> _SUPPLIED DATA_
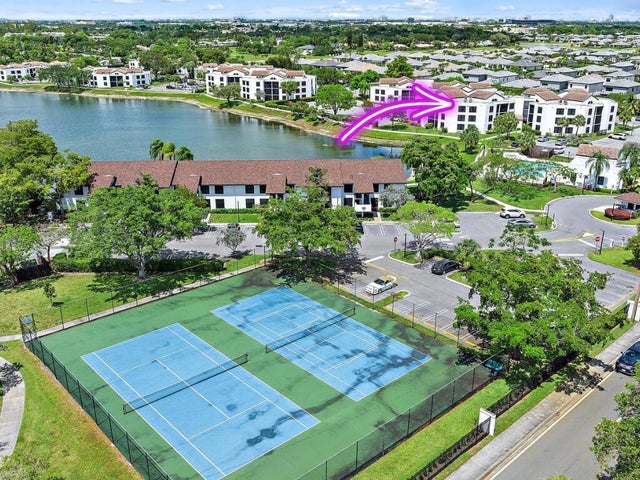 1 of 13 - 210 Lake Pointe Drive #310, Oakland Park, FL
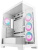 Корпус 1STPLAYER FIREBASE XP White / ATX / 4x120mm LED fans / XP-WH-4F1-W Корпус 1STPLAYER FIREBASE XP White / ATX / 4x120mm LED fans / XP-WH-4F1-W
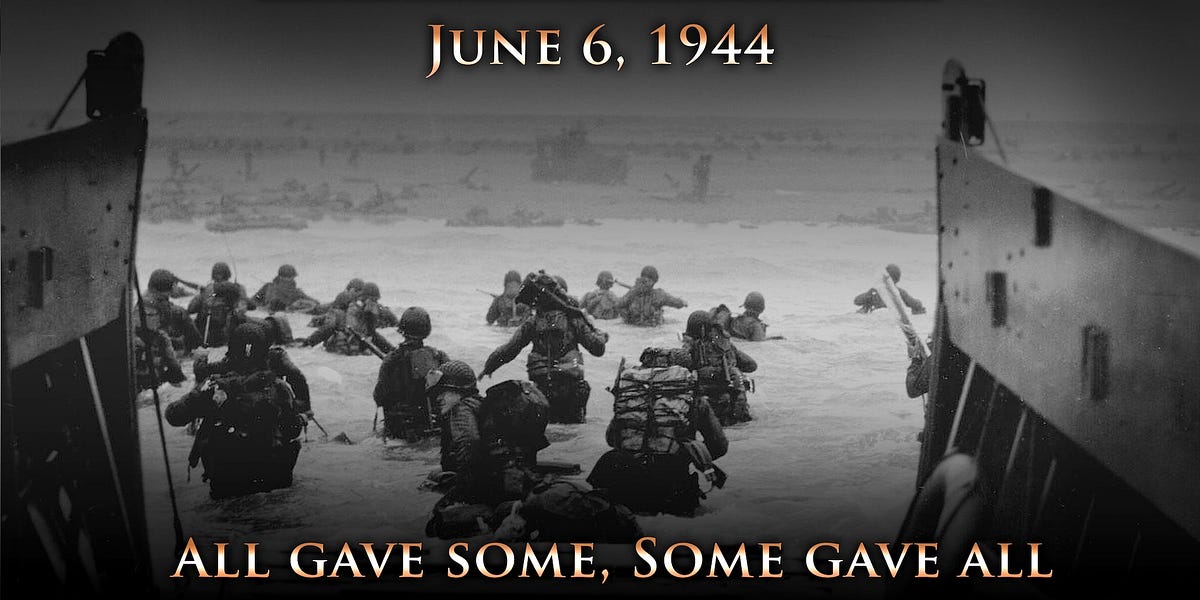 Your Daily Mission: June 6, 2024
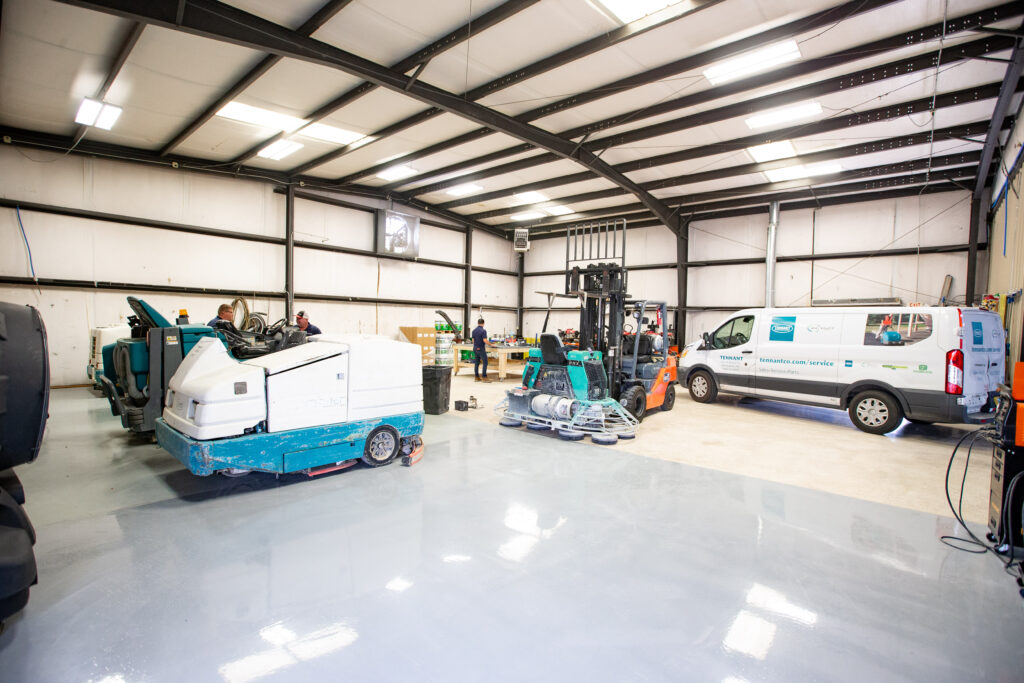 Max Floor Specialists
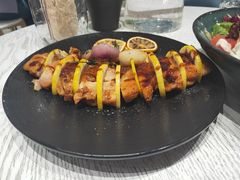 -娜娜家·Nana's restaurant(国金汇店)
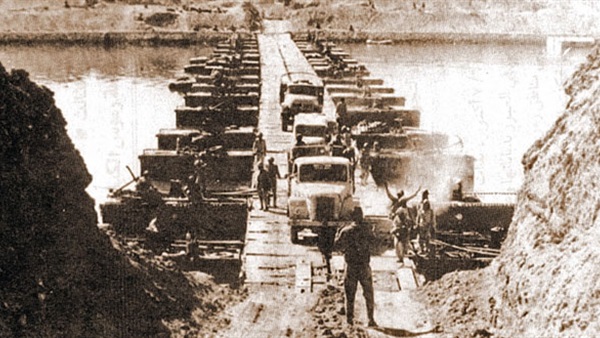 ذكرى نصر أكتوبر 1973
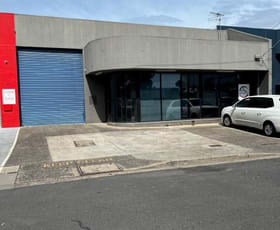 Factory, Warehouse & Industrial commercial property sold at 31 Catalina Drive Tullamarine VIC 3043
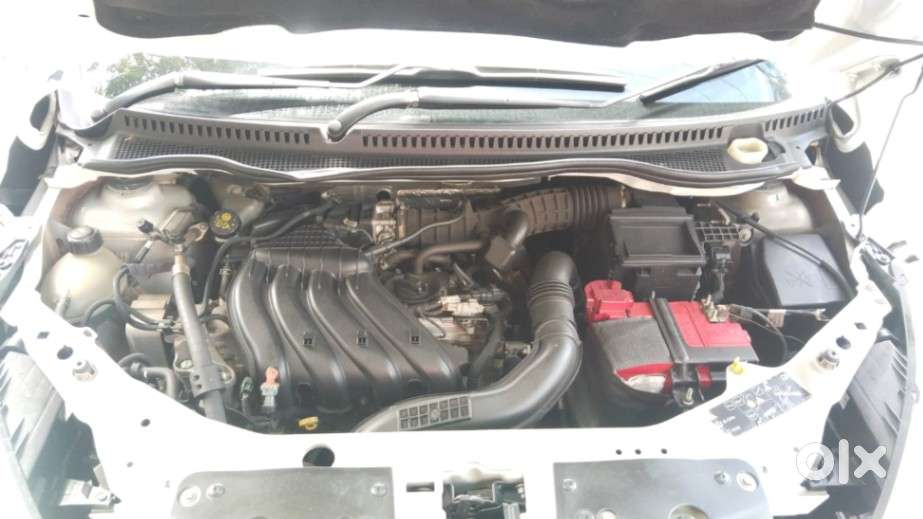 Nissan Kicks Xv, 2021, Petrol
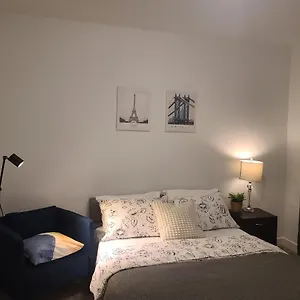 Homestay Good Fortune Residence, Ottawa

> _WORK ITEM_
Please give back every line above exactly as it stands, without pictures.

> _RESULT OF THE EXERCISE_
 1 of 13 - 210 Lake Pointe Drive #310, Oakland Park, FL
 Корпус 1STPLAYER FIREBASE XP White / ATX / 4x120mm LED fans / XP-WH-4F1-W Корпус 1STPLAYER FIREBASE XP White / ATX / 4x120mm LED fans / XP-WH-4F1-W
 Your Daily Mission: June 6, 2024
 Max Floor Specialists
 -娜娜家·Nana's restaurant(国金汇店)
 ذكرى نصر أكتوبر 1973
 Factory, Warehouse & Industrial commercial property sold at 31 Catalina Drive Tullamarine VIC 3043
 Nissan Kicks Xv, 2021, Petrol
 Homestay Good Fortune Residence, Ottawa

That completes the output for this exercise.